Prompt:
The answer must be an exact reprint of the lines from the one with "6473 Tanglewood Lane, Seven Hills, OH 44131" through the final line of the data, with no pictures included.

[[ Provided information open ]]

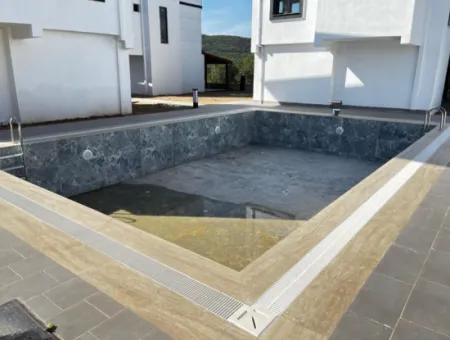 Freistehende 3 1 Villa Mit Null Pool Zu Verkaufen In Seferihisar Doğanbey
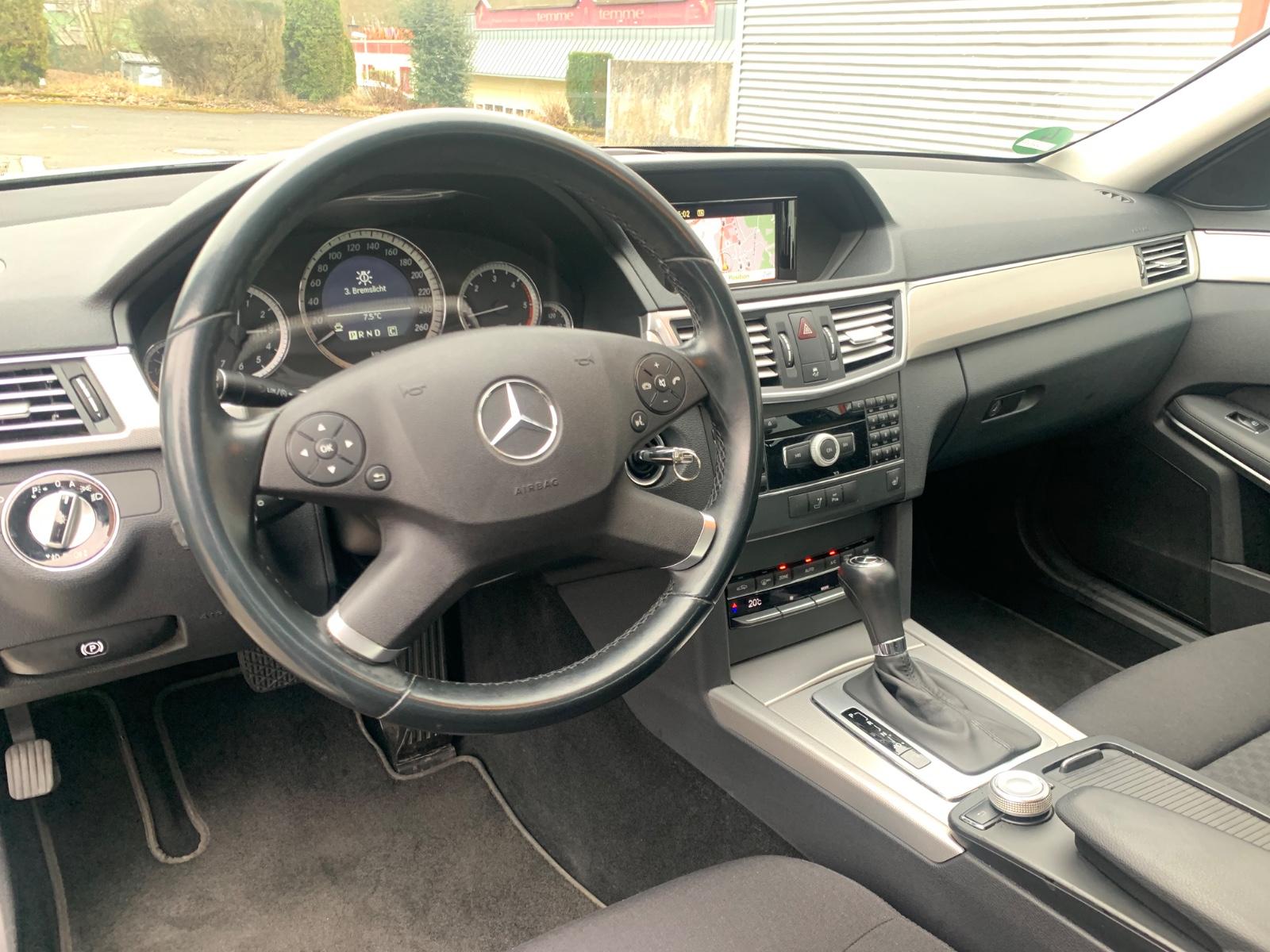 Mercedes-Benz E 220 CDI BlueEfficiency*Navi*Klima*Sitzh*PDC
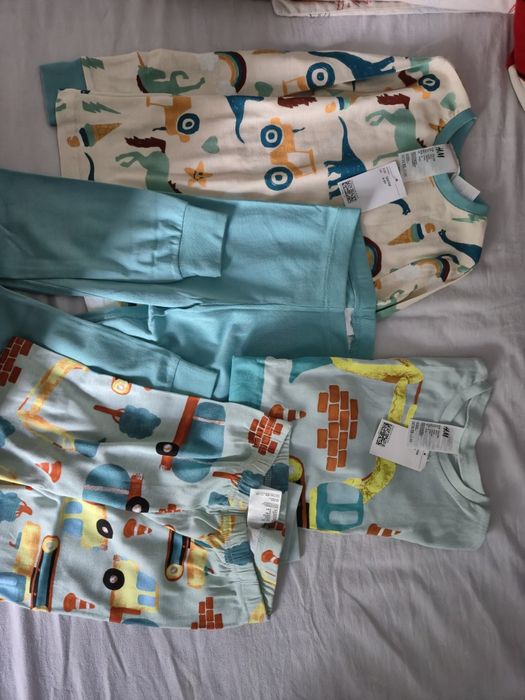 Lot pijamale si pantaloni copii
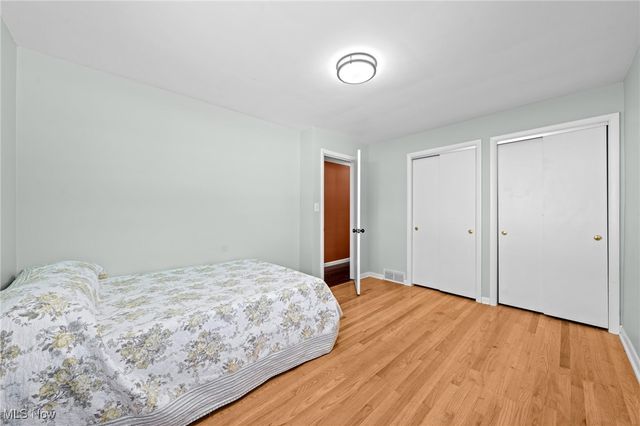 6473 Tanglewood Lane, Seven Hills, OH 44131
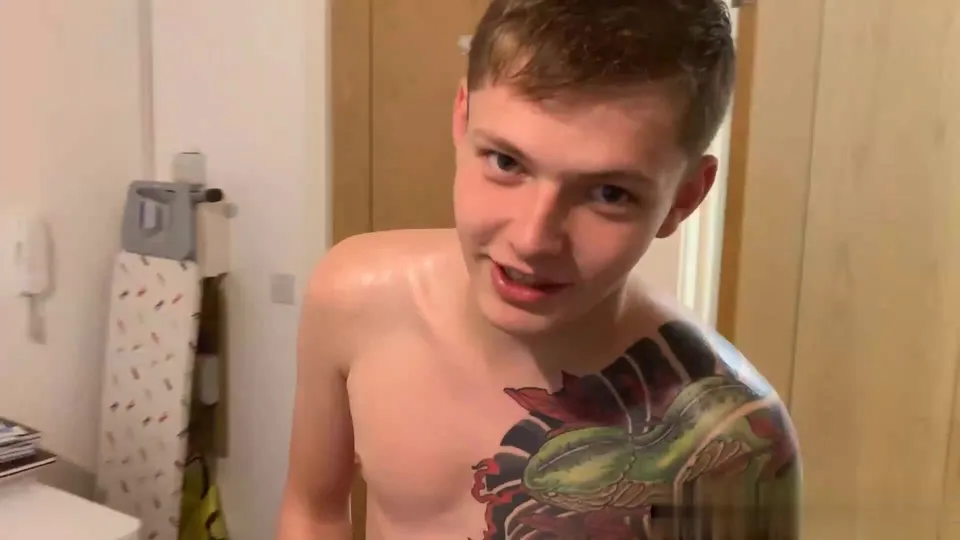 Amazing brit boy stroke and cum - ThisVid.com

[[ Provided information closed ]]

Reply:
 6473 Tanglewood Lane, Seven Hills, OH 44131
 Amazing brit boy stroke and cum - ThisVid.com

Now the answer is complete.